In employment litigation matters in particular, DSARs appear to be the fashion, whereby individuals request information for the period of their entire employment or for a particular period of time when a disciplinary or grievance matter may have arisen. These requests tend to include a request for all records of discussions shared via email, text messages and/or WhatsApp messages that reference the individual. From a claimant’s point of view, a DSAR can be a useful tool in helping bring about settlement of a dispute, particularly if the respondent employer has repeatedly breached the employment contract or has broken employment laws and does not want to be exposed.
Refusing a request for information
Organisations may well have not understood the work required to respond to a DSAR and that there is not much scope for rejecting a DSAR. An organisation may only refuse to respond to a DSAR if it is “excessive” or “manifestly unfounded”. “Excessive” has a very high threshold and typically applies to repeated requests. In other words, if an organisation has already responded to a DSAR and has provided the information, they are not obliged to repeat the process for that same individual. To be “manifestly unfounded” would imply that the request is vexatious, malicious or designed to harass the data controller or cause disruption, and under Article 12(5) of the GDPR, the data controller has the burden of proof. However, in the context of a genuine dispute, a DSAR will not be deemed vexatious or malicious if the request is only for data that the data subject is entitled to, even if it is substantial, e .g. in cases where an employee has worked for an organisation for, say, 10-15 years.
Extension of time and fees
An organisation may request an extension of time beyond the requisite one month to respond to a DSAR only on the grounds that the DSAR is “complex”. The word, complex, is not defined under the GDPR but the ICO indicates that a complex request could involve for example, a significant number of tasks, manpower or hours and/or would require recruitment of an extra staff member(s) to complete it. If a request is “complex” it does not mean that it is “excessive”.

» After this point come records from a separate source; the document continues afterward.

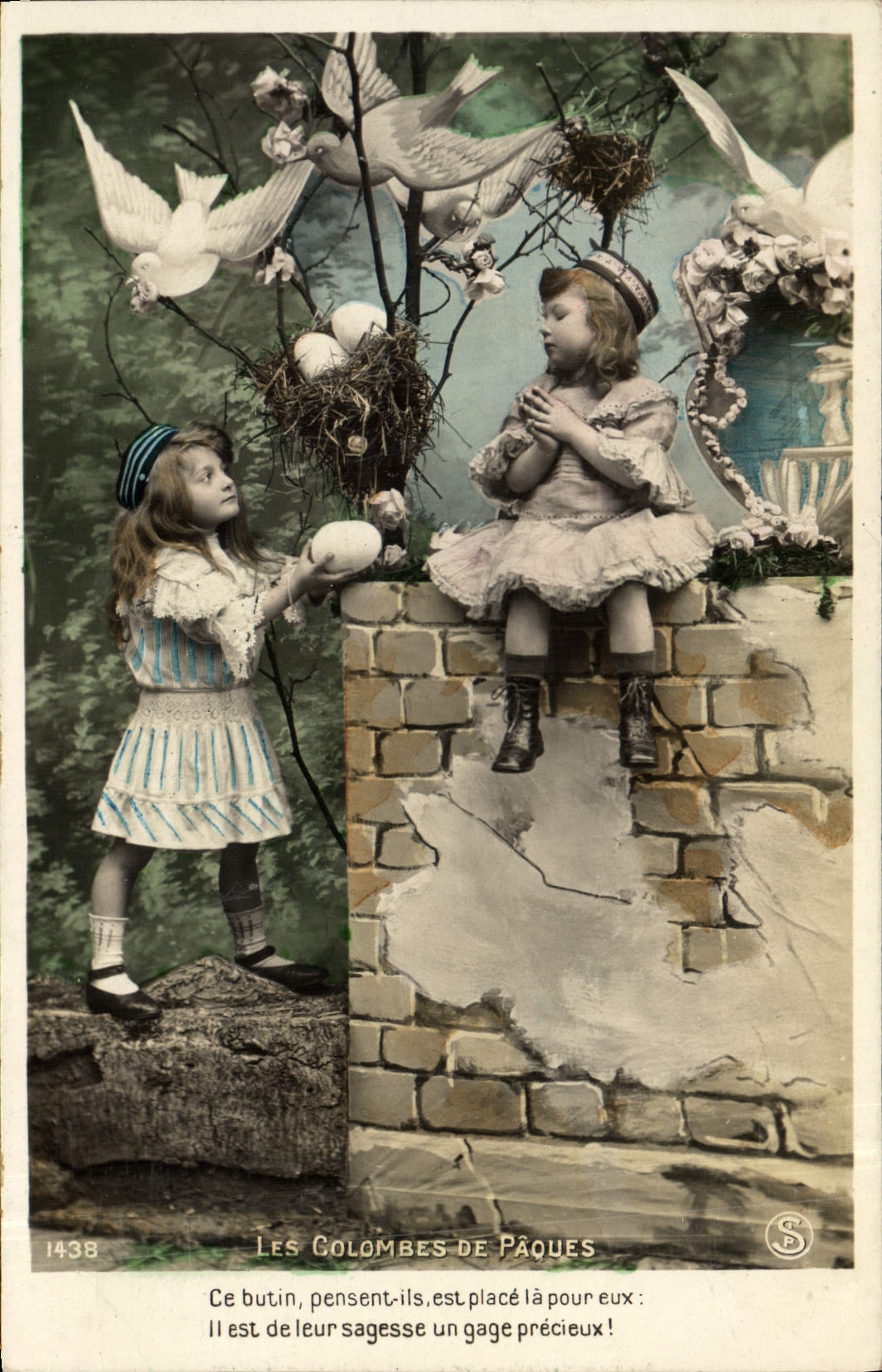 VINTAGE POSTCARD Fantasy Children Doves of Easter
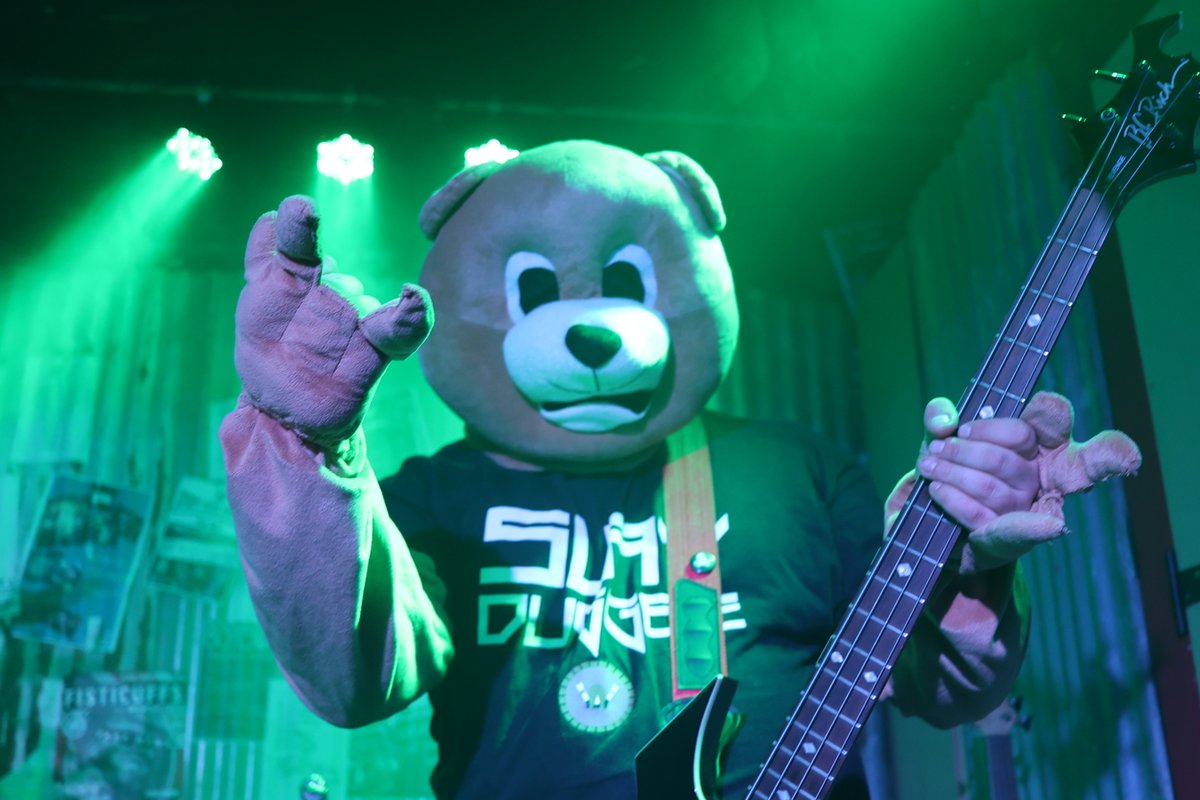 slayduggee's tweet photo. Southend The Venue was AWESOME! 
@slayduggee #kidslovemetal #gigsforkids #myfirstmetalgig https://t.co/8UkI5yzfPu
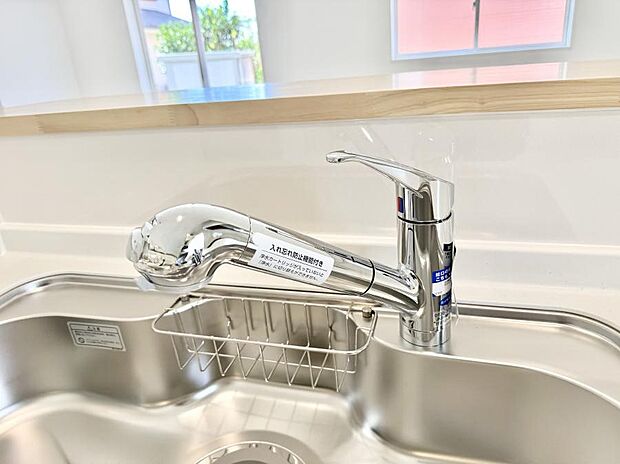 【浄水器】■清潔でおいしい水を手軽に供給してくれます
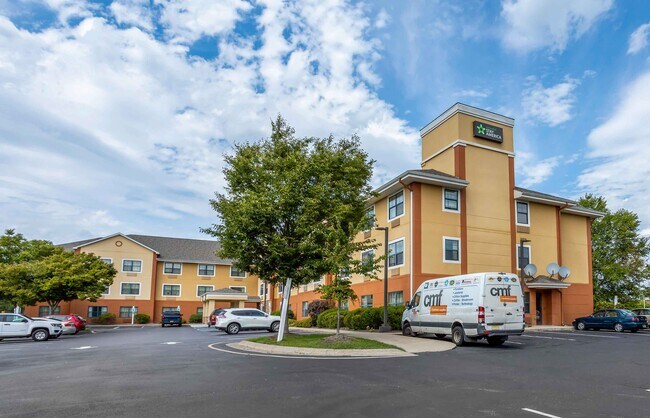 Furnished Studio-Somerset - Franklin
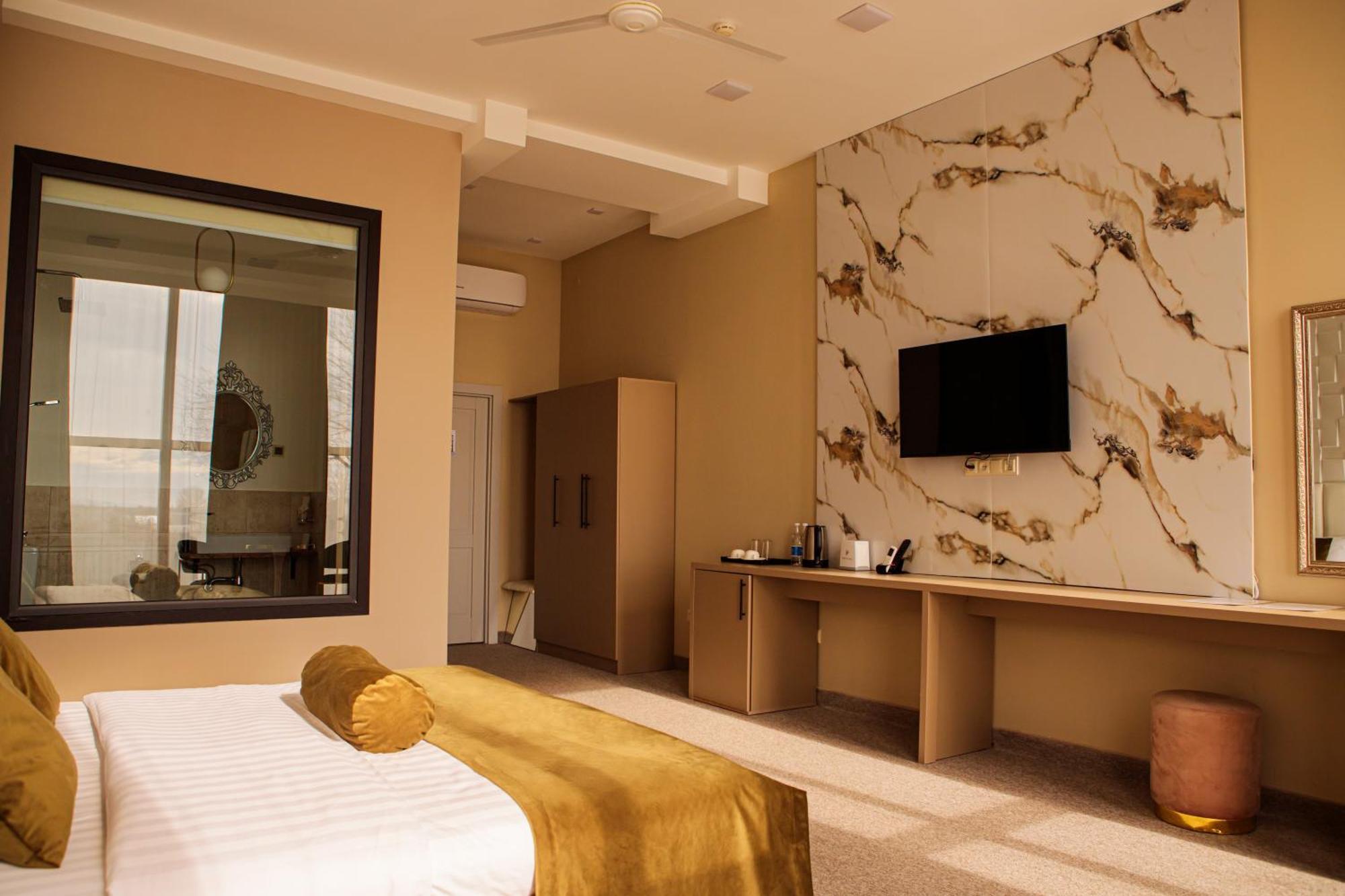 Port Plaza Evn Hotel P'arak'ar Екстериор снимка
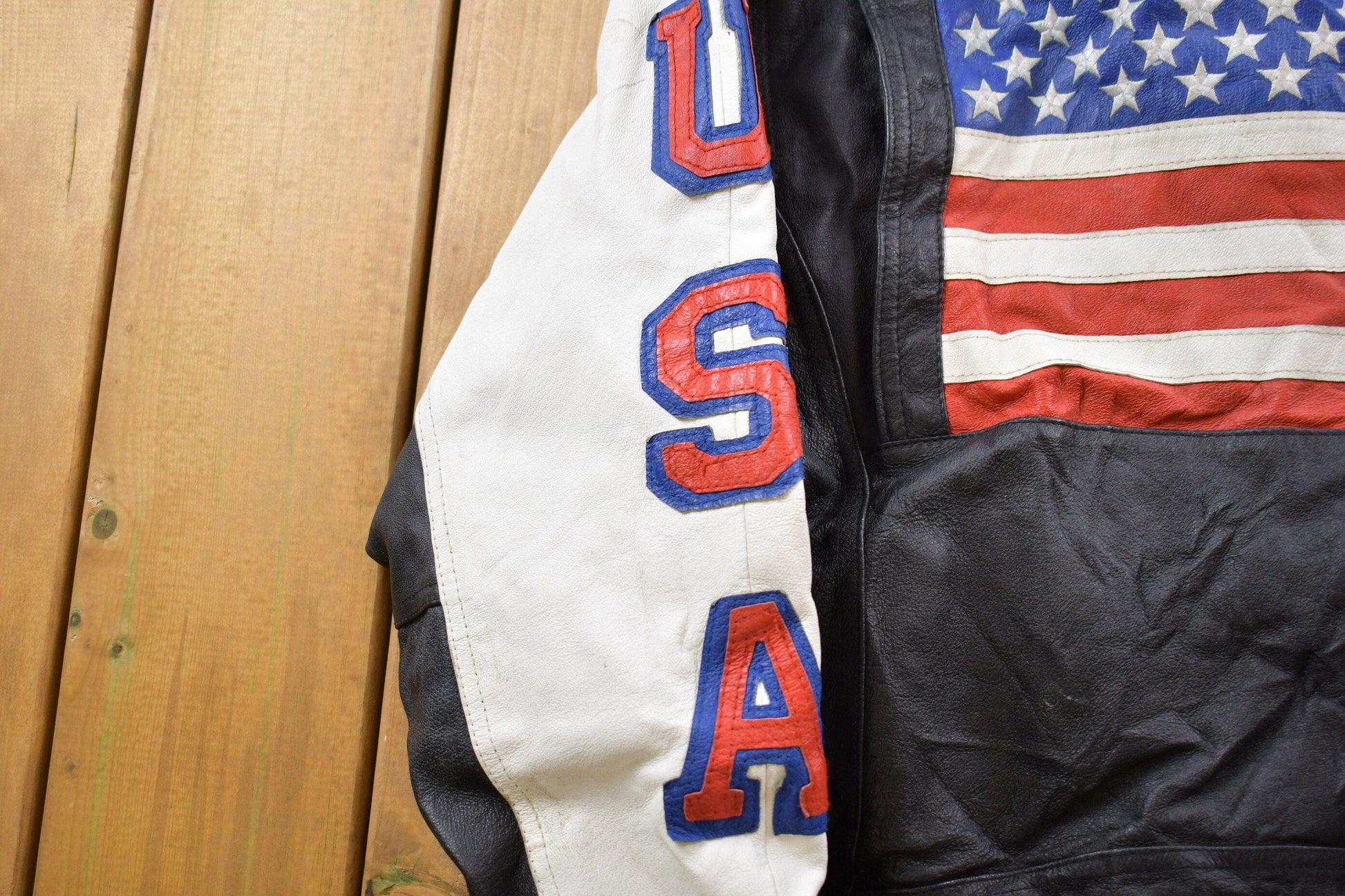 Vintage 1990s Michael Hoban USA American Flag Leather Biker Jacket Men's Medium from propervintagecanada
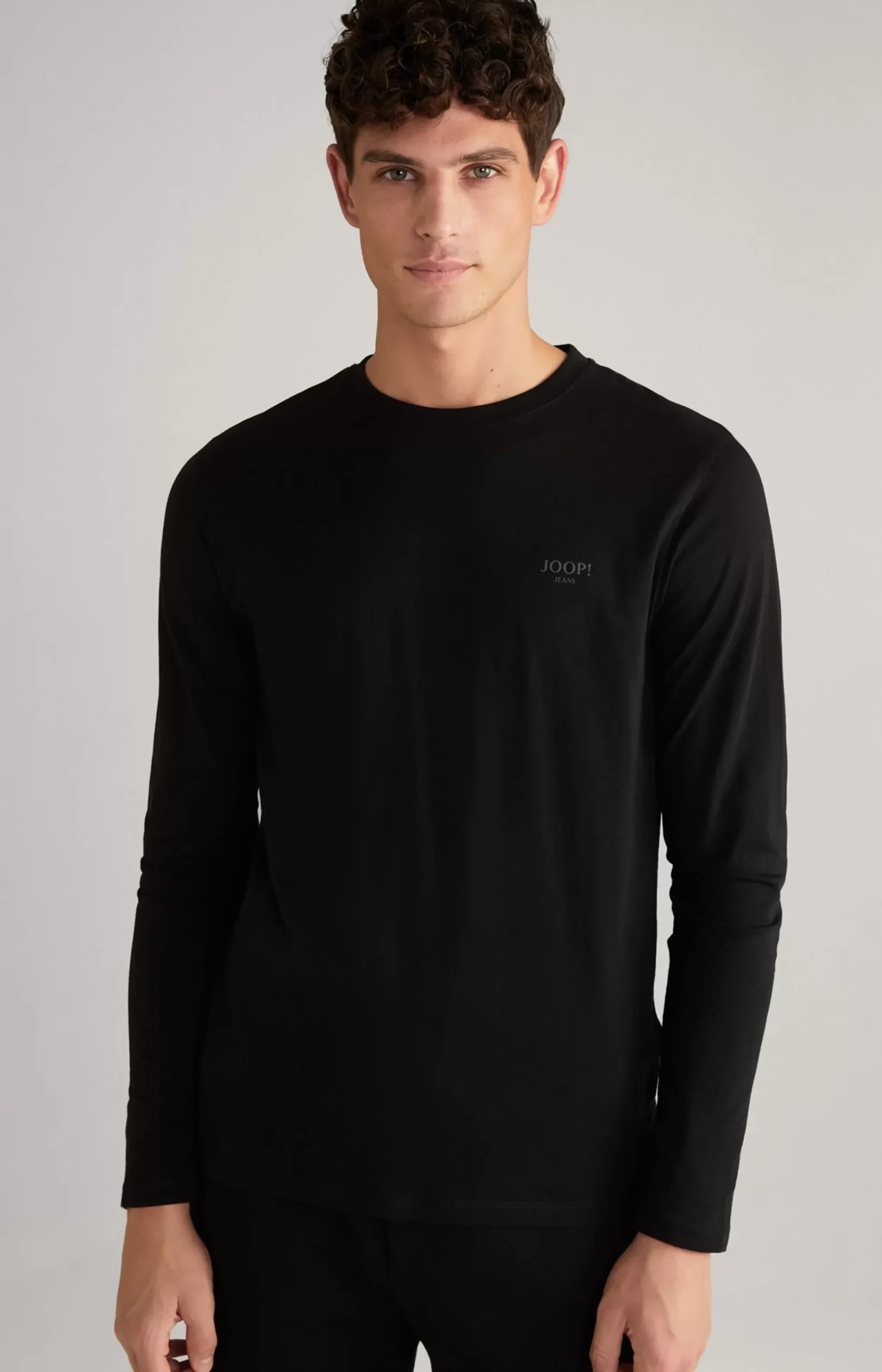 Alphis Long Sleeve Top in Black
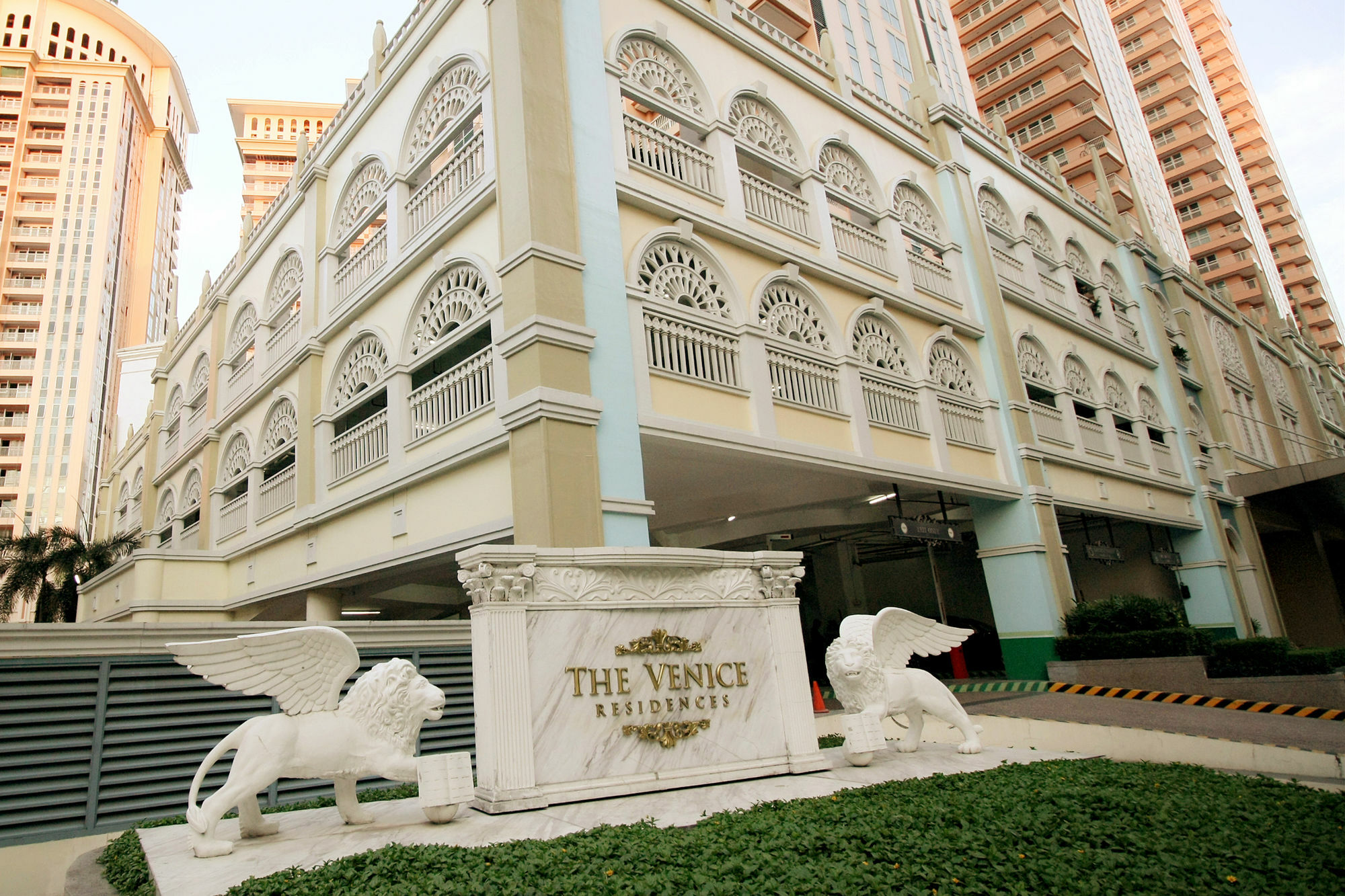 Maxstays - Max Style @ The Venice Residences Taguig Extérieur photo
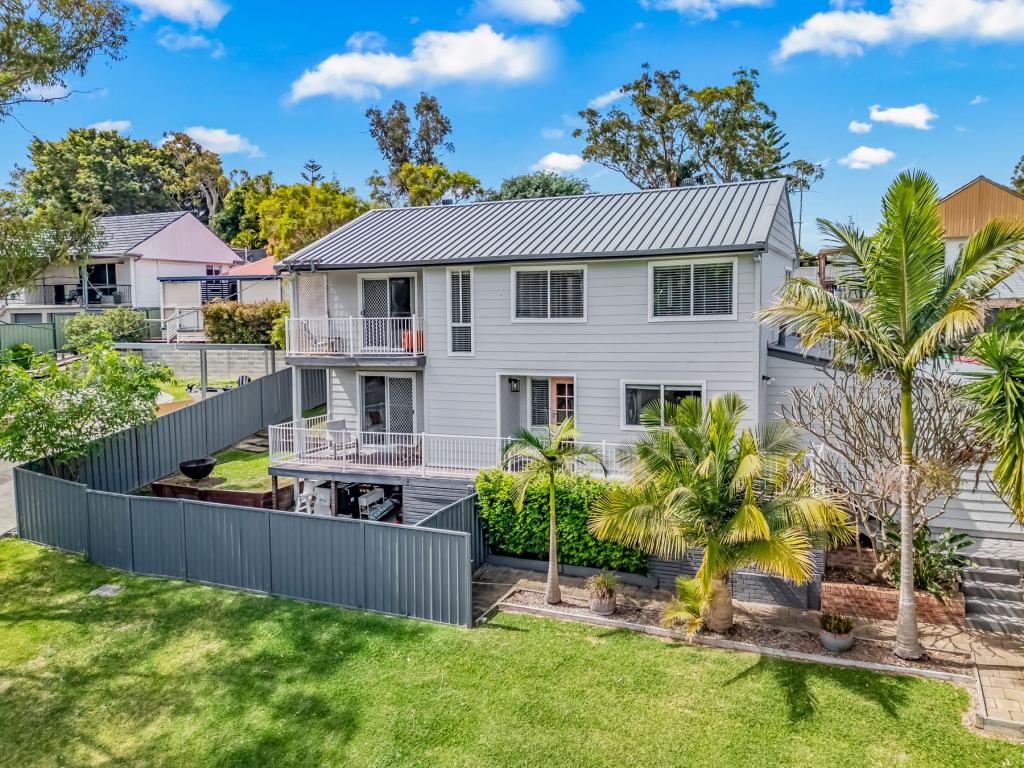 1 Haslemere Cres, Buttaba, NSW 2283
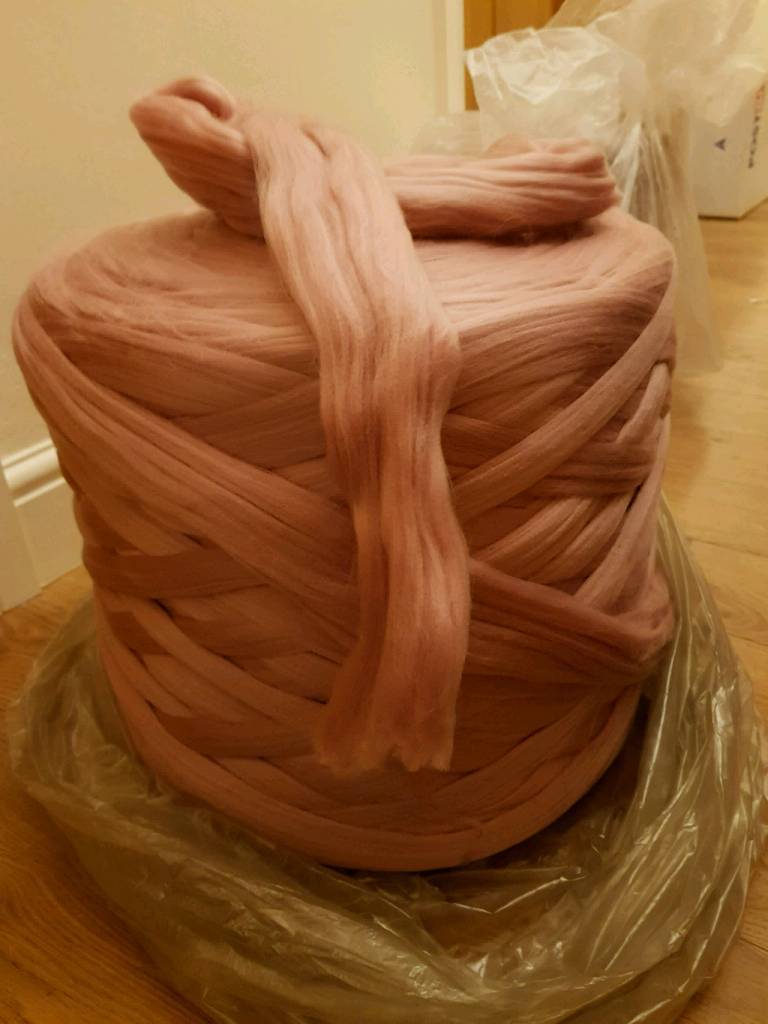 CHUNKY ARM KNITTING ACRYLIC YARN 10kg in Annan, Dumfries and Galloway Gumtree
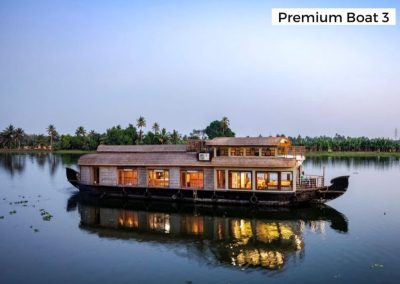 Lakes & Lagoons Houseboat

Under the new 2018 regulations, organisations can no longer charge a fee no matter how large the task is unless the DSAR satisfies the criteria for being excessive or manifestly unfounded (see ‘Refusing a request’ above) and then only a reasonable fee may be charged.
Digitised v paper format and data retention
The GDPR is clear that organisations must be able to efficiently retrieve, update and delete personal data. There are many IT tools on the market that can search PDFs, back-up files and archives so there is likely to be little sympathy, particularly from the ICO, for large organisations with a multi-million pound turnover claiming to be unable to digitise data; adopt the latest IT tools to speed up the searching and collating process and ensure that the personal data they hold is kept securely. Any paper documents would be expected to be stored in locked, fireproof filing cabinets. Given that an organisation must respond to a DSAR within one month, it is imperative for organisations to be able to find and collate data quickly and accurately. The best way to achieve this would be to progress to digitised personal data and to phase out paper formats wherever possible.
In terms of data retention, the GDPR requires that organisations must not retain personal data for longer than necessary. As a guide, organisations should limit personal data retention to a maximum of 6 years (except of course where data must be retained in order to comply with the law). This may also help reduce the burden of responding to a DSAR.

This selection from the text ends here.